Popularised by the original Toyota Prius, hybrid vehicles combine an engine with an electric motor to deliver a mix of power, economy, and refinement. 

    Today, hybrids have transitioned from being a niche, standalone vehicle segment to an alternative to petrol and diesel engines on the powertrain menu.

    No longer the domain of eco-conscious Hollywood celebrities, these vehicles are sold by a variety of manufacturers across a broad spectrum of price points and body styles. 

    Hybrid vehicles are best classified by the extent to which the electric motor can drive the car, and fall under four categories – mild hybrids, standard hybrids, plug-in hybrids and range-extender electric vehicles. Let’s have a look at each of them.

    Hybrid technology explained

    Mild hybrid vehicles

    A mild hybrid system replaces the alternator and starter motor found in a conventional vehicle with a small electric motor, known as a belt-driven starter generator, powered by a 48-volt battery.

    Vehicles featuring a mild hybrid system may also retain the 12V battery found in non-hybrid vehicles; in this case, a device known as a DC/DC convertor enables the 48V and 12V systems to work together.

    A mild hybrid system improves efficiency by using electric power to aid the engine under certain driving conditions, such as when the car is accelerating. Not only does the electric motor enable better fuel consumption, it also makes for better performance.

    The key difference between mild hybrid and other hybrid systems, however, is the electric motor cannot propel the car by itself. 

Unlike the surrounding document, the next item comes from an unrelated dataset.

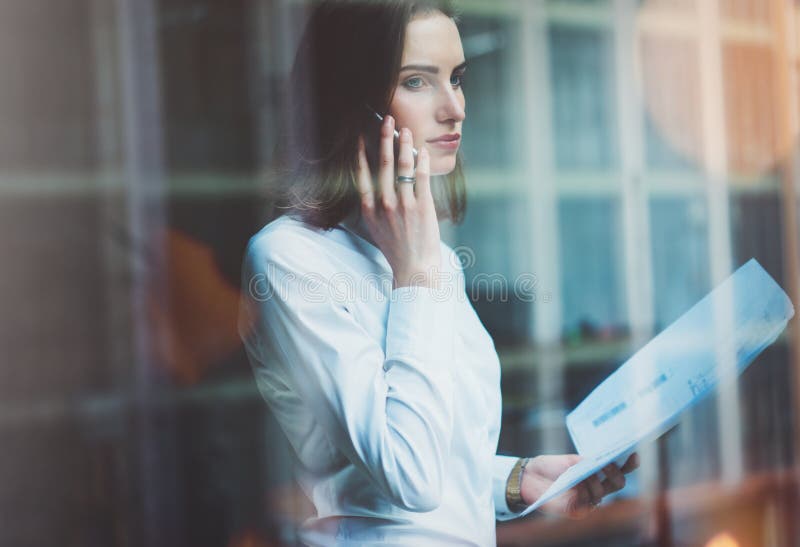 Foto bedrijfsvrouw die wit overhemd dragen, smartphone spreken en documenten in handen houden Het bureau van de open plekzolder P stock foto's Foto bedrijfsvrouw die wit overhemd dragen, smartphone spreken en documenten in handen houden Het bureau van de open plekzolder P stock foto's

    Certain mild hybrid systems may also include additional features such as regenerative braking.

    Regenerative braking enables the system to capture and convert kinetic energy from braking into electrical energy that is stored in the 48V battery.

    This can subsequently be used to power vehicle subsystems that would otherwise draw power from the combustion engine, such as the air-conditioning.

    Vehicle coasting is linked to regenerative braking and features in more advanced mild-hybrid systems. Coasting takes the strain off the engine completely when the car is travelling at certain speeds and not rapidly accelerating, further improving fuel economy.

    During coasting, energy from the 48V system is used to power the car’s electrical systems (including infotainment and driver assist systems) directly, enabling the engine to be turned off completely and the vehicle to coast.

    The mild-hybrid system in the Audi A8, for example, enables the car to coast (with the engine completely turned off) for up to 40 seconds between 55-160 km/h.

    Some jargon you’ll find at the dealership: e-HDI micro-hybrid (Peugeot), EQ-Boost (Mercedes-Benz), mHEV (VW, Audi, Skoda), B4/B5 (Volvo), IMA (Honda)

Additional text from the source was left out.